The financial services sector is re-orientating itself towards marketing new products and services, said the Finance Minister of State, and to attracting new types of businesses.

**Tourism Sector**

The performance of the tourism sector traditionally has been closely linked with the performance of the North American economies, particularly the US economy. As such, a favourable outlook for U.S. economic growth over the next twelve or eighteen months is likely to have a positive impact on The Bahamas’ tourism sector.

Despite the weakening of the US and global economies, The Bahamas has been successful in continuing to attract large numbers of North American visitors, and the Minister expects this trend to continue over the next year or two.

He pointed out that at this juncture it would appear international terrorism is being dealt with successfully, and the geopolitical uncertainties arising from the Iraq crisis have eased. *”In this more stabilised environment, the major economies, particularly the US, will now be concerned with restoring the global economy on a positive growth path.”*

An initial resurgence of interest in tourism can be expected, according to the Minister, followed some time later by a renewed inflow of investment into tourism facilities in The Bahamas.
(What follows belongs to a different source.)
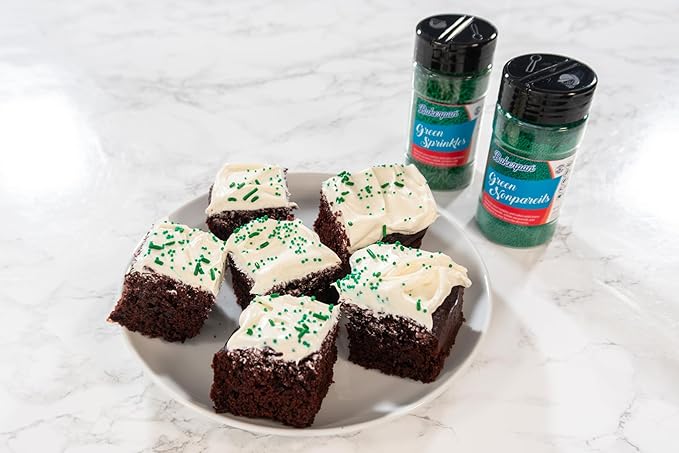 Bakerpan Green Nonpareils Sprinkles - 7 Ounces Green Sprinkles for Cake Decorating, Edible Nonpareils for Cupcakes, Ice Cream (Made in USA)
This combination of increased tourism expenditure and renewed inflows of productive capital investment is expected to enhance employment opportunities, personal income and government revenues.

**Impact On Revenue & Counter Measures Taken**

The slowdown of the U.S. economy prior to the Iraqi war did have an adverse effect on the local economy, especially in the area of government revenue. Reportedly, counter measures were introduced to deal with this problem, including legislative and administrative programmes to bring about improvements in the administrative procedures of revenue collection. At the same time, the government sought to provide the stimulus for economic growth in the country. The latter included Stamp Act amendments, intended to encourage persons to become homeowners and increase economic activity in the construction and related industries; amendments to the Real Property Tax Act to provide encouragement to the second-home market, and at the same time giving relief to the middle and low-income homeowners; and reduction of the tax rate on owner-occupied homes.

Developments in the Family Islands were stimulated with the extension of the Family Islands Development Encouragement Act, and plans for a new Family Island Economic Enterprises Zones Act to be brought into effect in July 2003. The new Act is expected to give wider concessions to the less developed islands of The Bahamas in an effort to attract both domestic and foreign investments into those areas.

The containment of the country’s national debt is considered one of the major challenges facing the Government. In fiscal years 2001/2 and 2002/03 there was a large increase in the level of Government borrowing to cover the revenue shortfall occasioned by the terrorist events of September 11th. Minister Smith said that in order to safeguard the present prosperity and ensure its continuation into the future, the rate of growth of the national debt must be controlled. *”Good management demands it, and no government should ever depart from the path of prudent economic and fiscal management.”* In a Radio Talk Show over the weekend, Prime Minister Perry Christie referenced statements by the International Monetary Fund, which recently completed a review of The Bahamas’ economy. Reportedly, the IMF praised the government for its fiscal prudence.

It is anticipated that details of the measures that will be taken to bring about the required “better balance between government revenue and expenditure” will be explained by the Prime Minister in the forthcoming Budget Communication, at the end of May, 2003. In the meantime, the Minister firmly believes that this balance will be improved as the economy begins to gather momentum.

Some revenue initiatives are expected to be introduced to achieve the desired progress in the forthcoming 2003/04 fiscal year (and in the following years to achieve fiscal balance within the next 3 to 4 years) but indications are that these will be modest. *”Indeed”*, said Minister Smith, *”it is not altogether impossible that we could eliminate the imbalance between revenue and expenditure in the years ahead without any major changes in our revenue structure.”*

With expectations of improvement in the global economy in the next 12 to 18 months, and a concomitant strengthening of The Bahamian economy, the Minister concluded that he truly believes The Bahamas will have an opportunity to successfully adjust its public finances and, by so doing, ensure that all Bahamians have an opportunity for a secure and bright future.